Evaluating Computerized Adaptive Testing Systems

Evaluating Computerized Adaptive Testing Systems

Anastasios A. Economides (University of Macedonia, Greece) and Chrysostomos Roupas (University of Macedonia, Greece)
DOI: 10.4018/978-1-60566-238-1.ch011
OnDemand PDF Download:
No Current Special Offers


Many educational organizations are trying to reduce the cost of exams, the workload, delay of scoring, and the human errors. Also, organizations try to increase the accuracy and efficiency of the testing. Recently, most examination organizations use Computerized Adaptive Testing (CAT) as the method for large scale testing. This chapter investigates the current state of CAT systems and identifies their strengths and weaknesses. It evaluates 10 CAT systems using an evaluation framework of 15 domains categorized into 3 dimensions: Educational, Technical and Economical.
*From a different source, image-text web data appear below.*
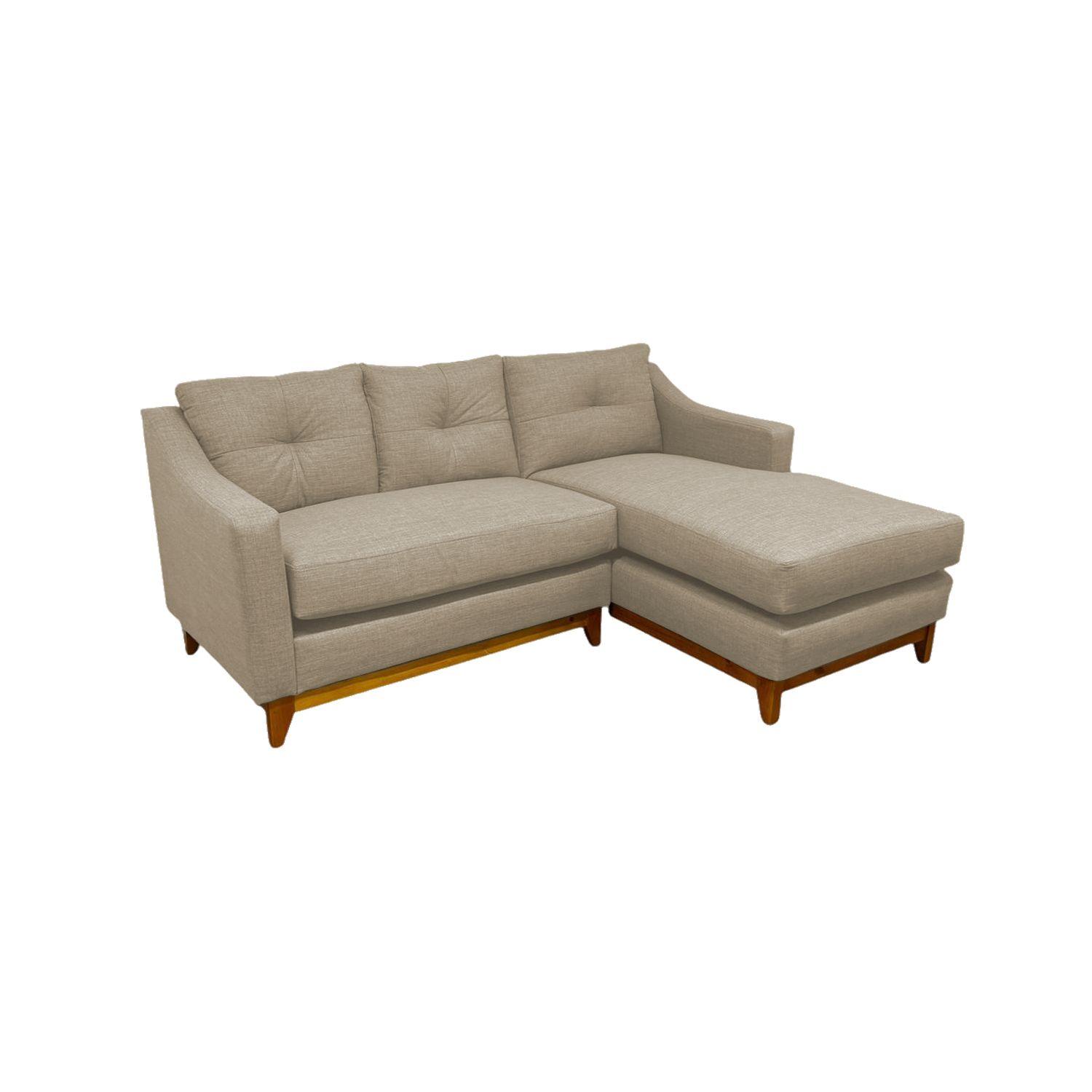 SECCIONAL CARRERA DERECHO CHENILLE BEIGE -4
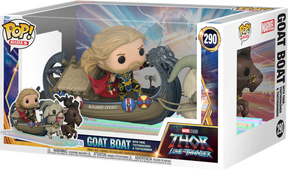 Funko Pop! Rides - Thor 4: Love and Thunder - Thor, Toothgnasher & Toothgrinder with Goat Boat #290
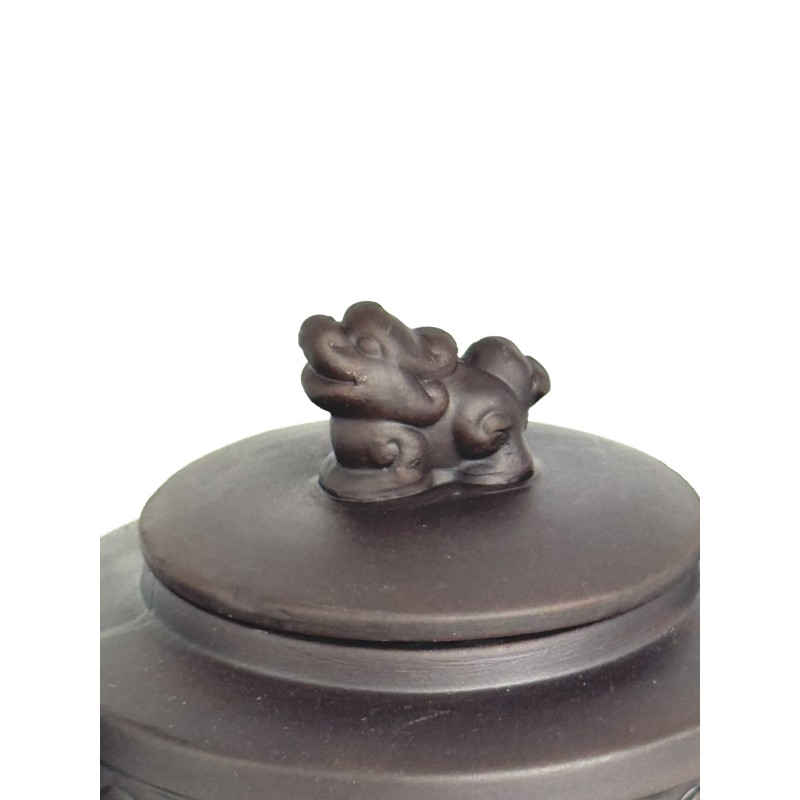 Чайник глиняний 800мл "Лев" (Темний)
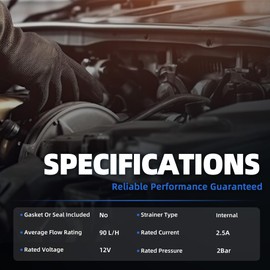 Fuel Pump for Kawasaki Mule 4000 KAF620 13-23 4000 Trans 18-21 Mule 4010 Trans 4X4 13-23 Mule SX KAF400 19-23 (not for Carburetor models) Teryx 750 4X4 FI KRF750 09-13 Not for Teryx4 750 49040-0718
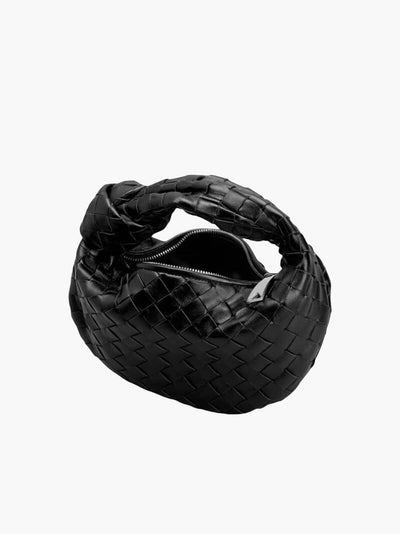 Midnight Allure Woven Mini Bag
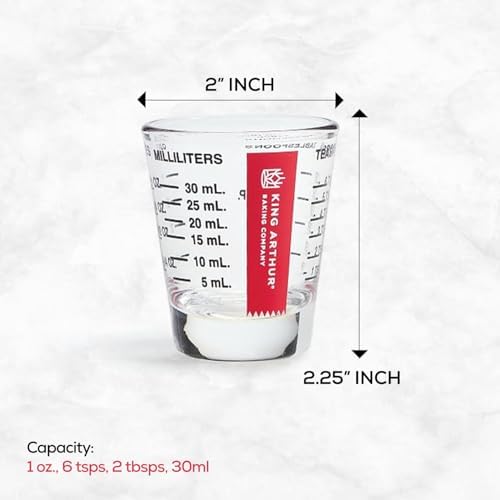 King Arthur Baking Company Mini Measure Multi-Purpose Shot Glass, Heavyweight - Image 3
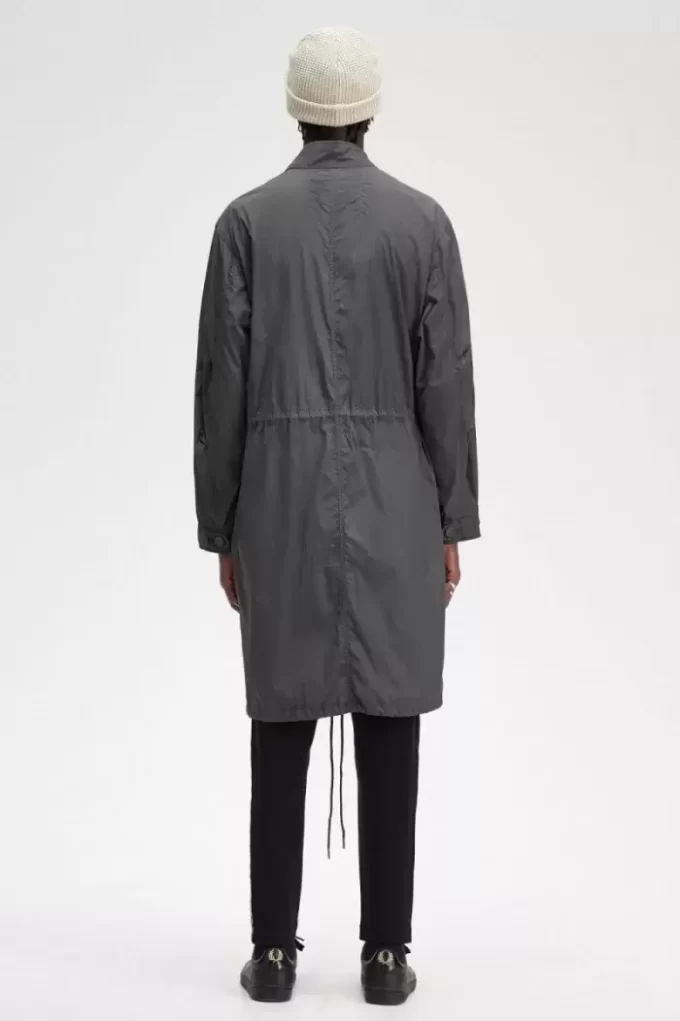 Parka de hombre con dobladillo recto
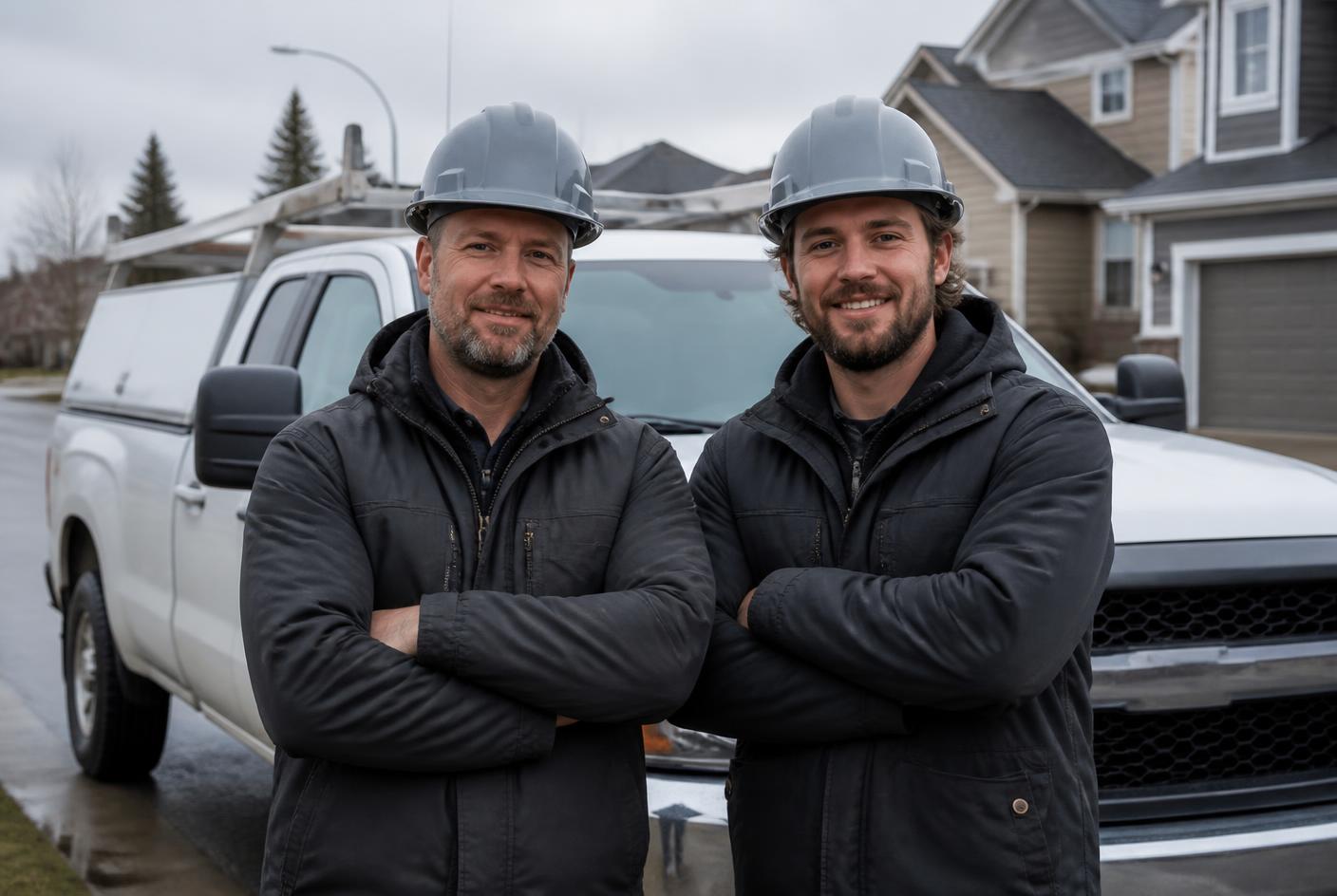 Coast View Contracting crew on a Calgary residential job site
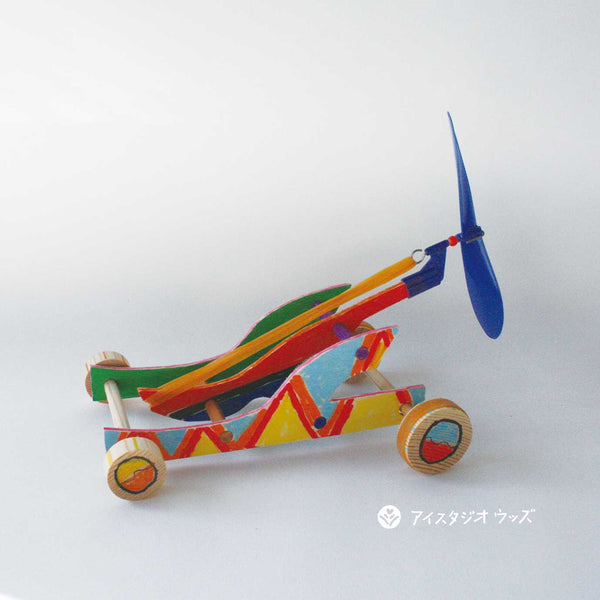 ゴム動力プロペラカー工作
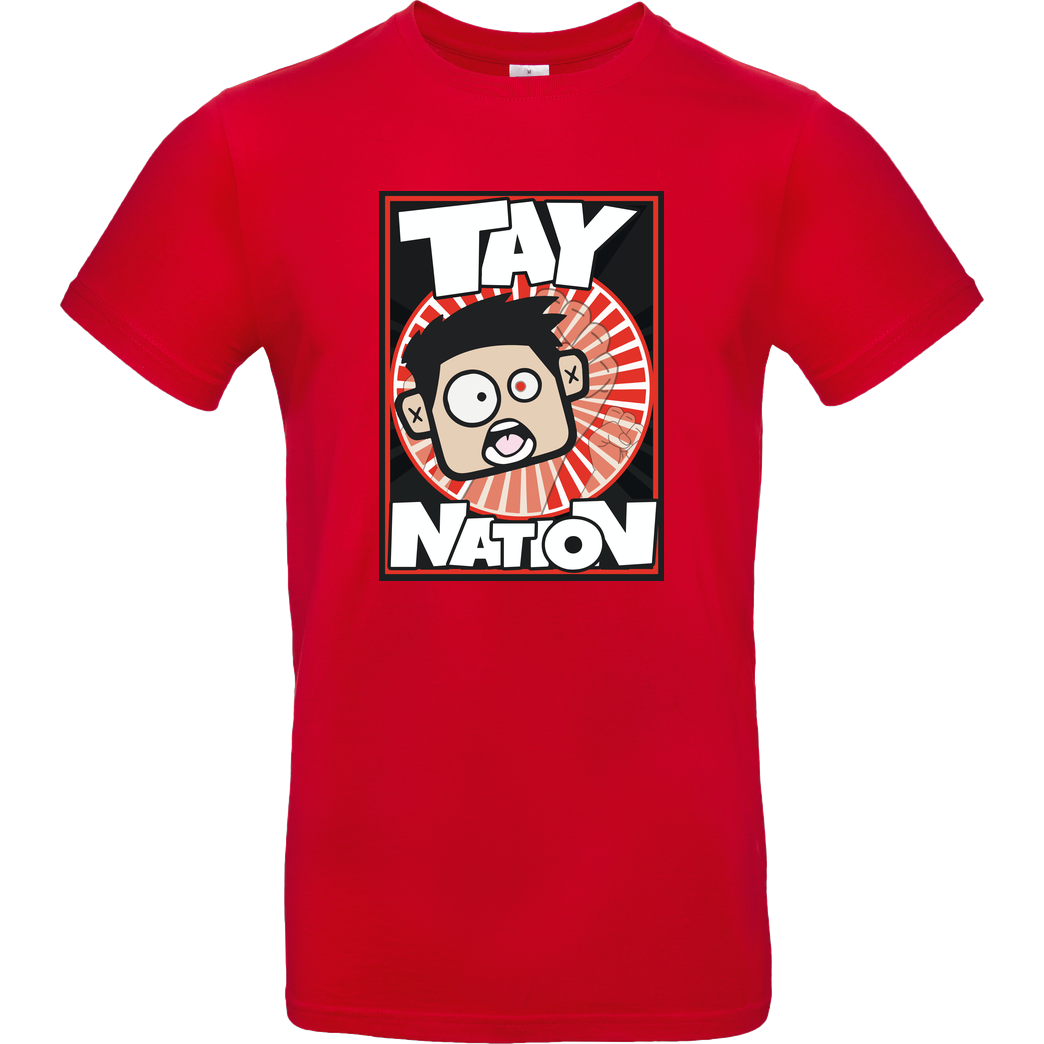 MasterTay MasterTay - Tay Nation T-Shirt B&C EXACT 190 - Red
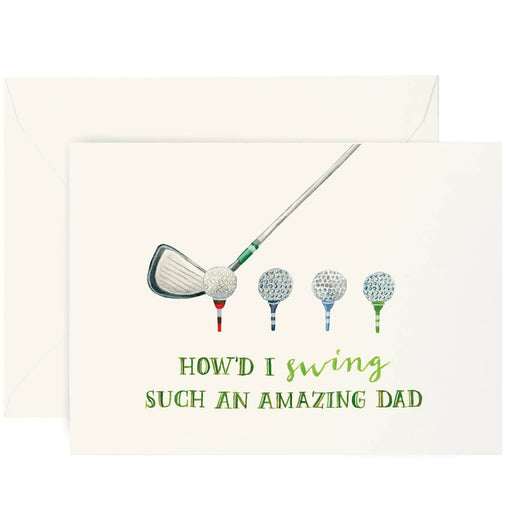 Howd I Swing Amazing Dad Golf Card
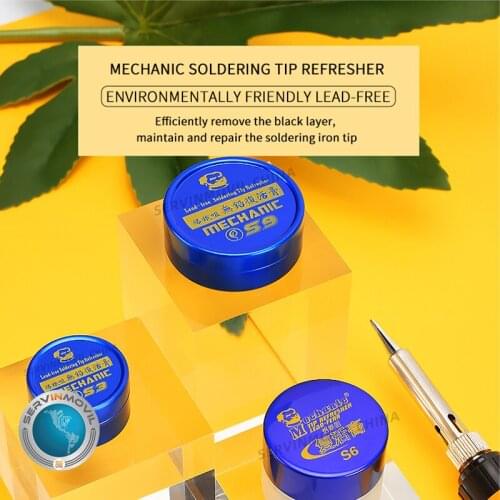 MECHANIC S3 S6 S9 Lead-free Electrical Soldering Iron Tip Refresher solder Cream Clean Paste Solder Iron Tip Head Resurrection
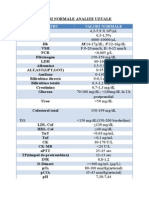 Normal Values Main Blood Tests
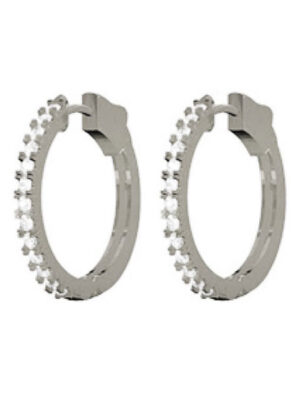 14KT WHITE GOLD DIAMOND (1/2CTW) EARRING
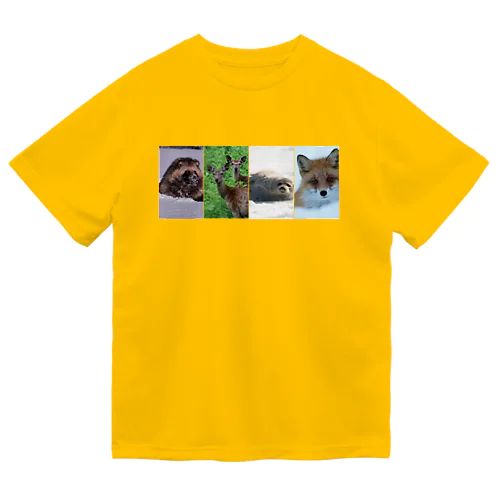 【サロベツの動物】四季折々 Dry T-Shirt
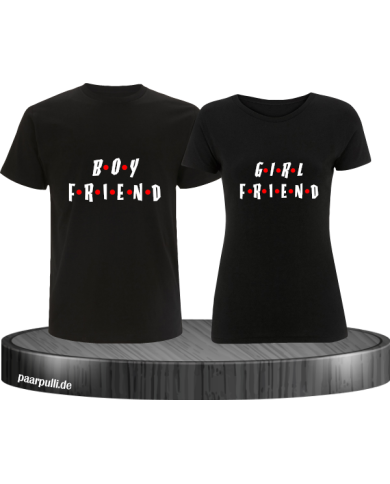 Boyfriend Girlfriend T-Shirt schwarz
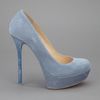 Gianmarco Lorenzi Suede Pump in Blue (sky) - Lyst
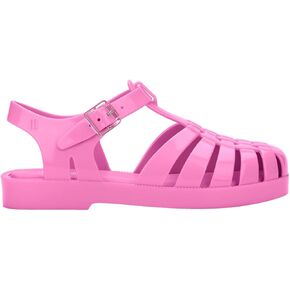 mini melissa Possession Kids Sandal - Comfortable Fisherman Style Kid's Jelly Shoes for Toddlers and Girls, Adjustable Fit, Glossy Pink, 4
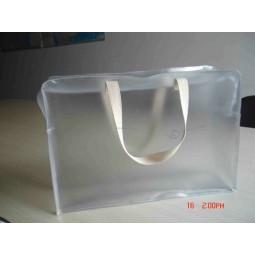 Großhandels kundengebundene Qualitäts-oem PVC-transparente Verpackungsbeutel mit Griff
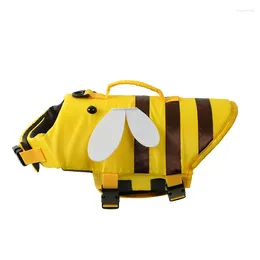 Ropa para perros mascota chaqueta salvavidas ropa de collar arnés natación de verano bee bee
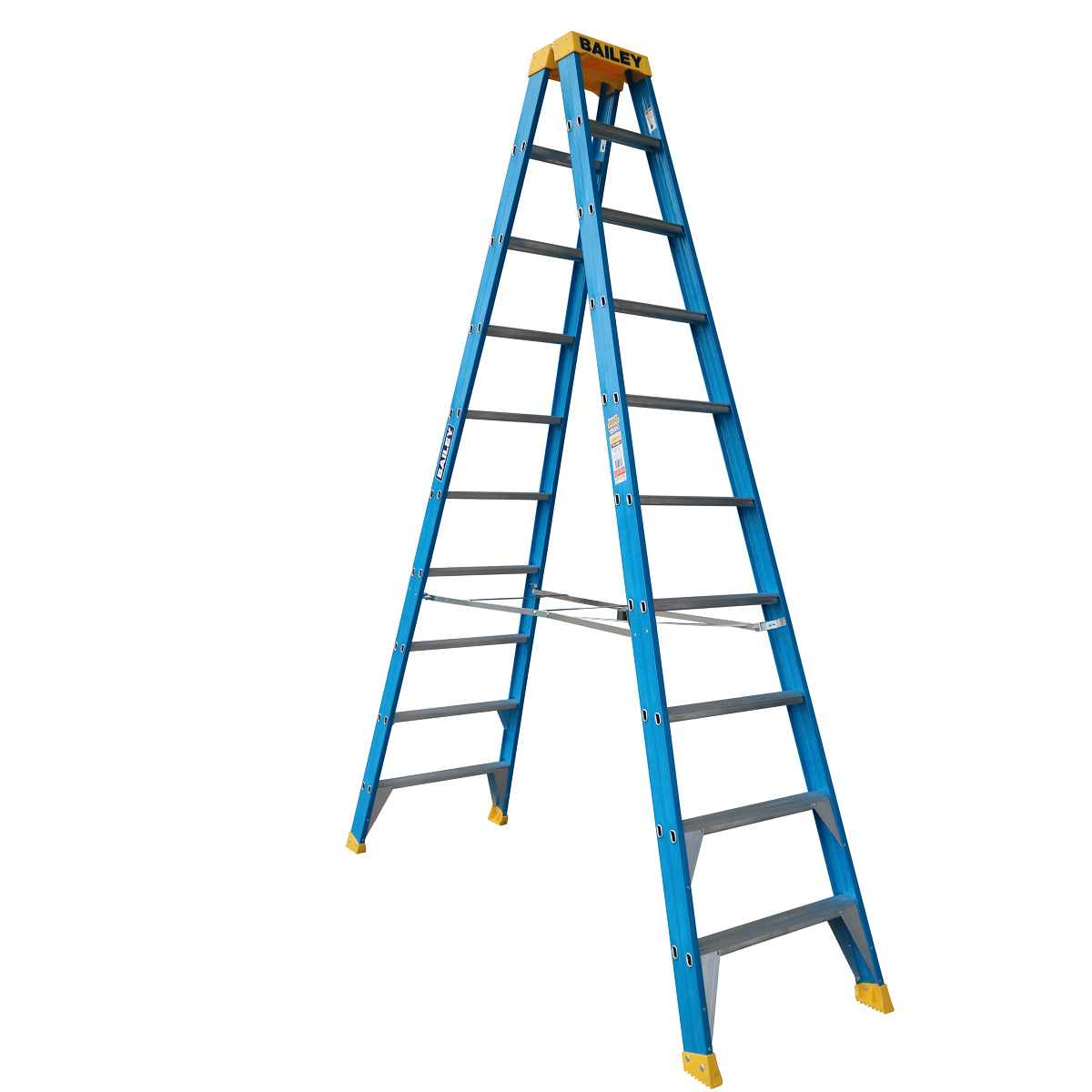 Bailey Pro Punchlock® Fibreglass Double Sided Stepladder Series – 150kg Industrial Rated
The results show that the majority of the CAT systems give priority to security, reliability, and maintainability. However, they do not offer to the examinee any advanced support and functionalities. Also, the feedback to the examinee is limited and the presentation of the items is poor. Recommendations are made in order to enhance the overall quality of a CAT system. For example, alternative multimedia items should be available so that the examinee would choose his preferred media type. Feedback could be improved by providing more information to the examinee or providing information anytime the examinee wished.
Chapter Preview


The increasing number of students, the need for effective and fast student testing, multimedia-based testing, self-paced testing, immediate feedback, and accurate, objective and fast scoring push many organizations to use Computer-Based Testing (CBT) or Computer Assisted Assessment (CAA) tools (Brown, 1997). But this is not enough. Current learning theories lead towards student-centred and personalized learning. There is also increased interest for reducing the cheating, reducing the examinee’s anxiety, challenging but not frustrating the examinees, as well as for immediate and continuous examinee’s guidance based on his knowledge, proficiency, ability and performance. Thus, many organizations are further driving towards computerized adaptive testing (CAT) tools (e.g. GMAT, GRE, MCSE, TOEFL). CAT is a special case of CBT. It is a computer-based interactive method for assessing the level of a student’s knowledge, proficiency, ability or performance using questions tailored to the specific student. The CAT system selects questions from a pool of pre-calibrated items appropriate for the level of the specific student. Wainer (1990) indicated that two of the benefits of CATs over CBTs are higher efficiency and increased student motivation due to higher levels of interaction provided. CAT can estimate the student’s level in a shorter time than any other testing method. CAT is based on either Item Response Theory (IRT) or Decision Theory (Welch & Frick, 1993; Wainer, 1990; Rudner, 2002). It is a valid and reliable testing method.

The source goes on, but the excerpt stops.